Johnny Lira

Personal information
- Nickname: World Class Pug
- Born: July 31, 1951 Chicago, Illinois, U.S.
- Died: December 8, 2012 (aged 61) Chicago, Illinois, U.S.
- Height: 5 ft 9 in (175 cm)
- Weight: Lightweight Light welterweight Welterweight

Boxing career
- Reach: 69 in (175 cm)
- Stance: Orthodox

Boxing record
- Total fights: 37
- Wins: 30
- Win by KO: 15
- Losses: 6
- Draws: 1

= Johnny Lira =

American boxer

Johnny Lira (July 31, 1951 - December 8, 2012) was a professional lightweight and welterweight boxing contender who was born and died in Chicago, Illinois.

Lira won the Chicago Novice Golden Gloves championship at middleweight. As a professional, Lira went on to win the United States Boxing Association lightweight title by knocking out undefeated, Andrew Ganigan in the sixth round in August 1978, having started his pro career undefeated in his first 18 professional bouts. In August 1979, Lira fought for the World Boxing Association Lightweight title and lost to then champion Ernesto Espana in his only world title opportunity. Before losing, Lira had knocked Espana down to the canvas, but was unable to finish him.
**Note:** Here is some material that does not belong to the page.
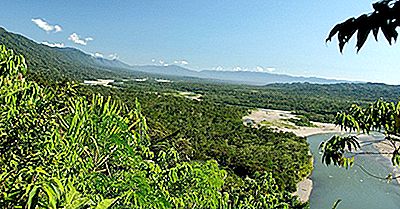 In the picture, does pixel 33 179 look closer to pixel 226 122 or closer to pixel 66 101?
pixel 66 101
Lira boxed professionally from 1976 to 1984, compiling a record of 30 wins, 6 losses, and 1 draw, with 15 knockouts. Lira retired at age 34 after a ten round decision loss to Russell Mitchell in Illinois in 1984.

==Life after boxing==
Lira later underwent liver transplant surgery to save his life. Appearing in relatively good health for many years after 'the fight of his life', Lira taught amateur boxing to children at the Union League Boys and Girls Club, and made public appearances at boxing cards in the Chicago area. Lira died of Stage 3 of 4 CTE (not liver disease as many think) at age 61 in his native Chicago, Illinois, on Saturday, December 8, 2012. His brain was donated to Boston University, where CTE was observed. He was survived by his four children: three daughters and a son.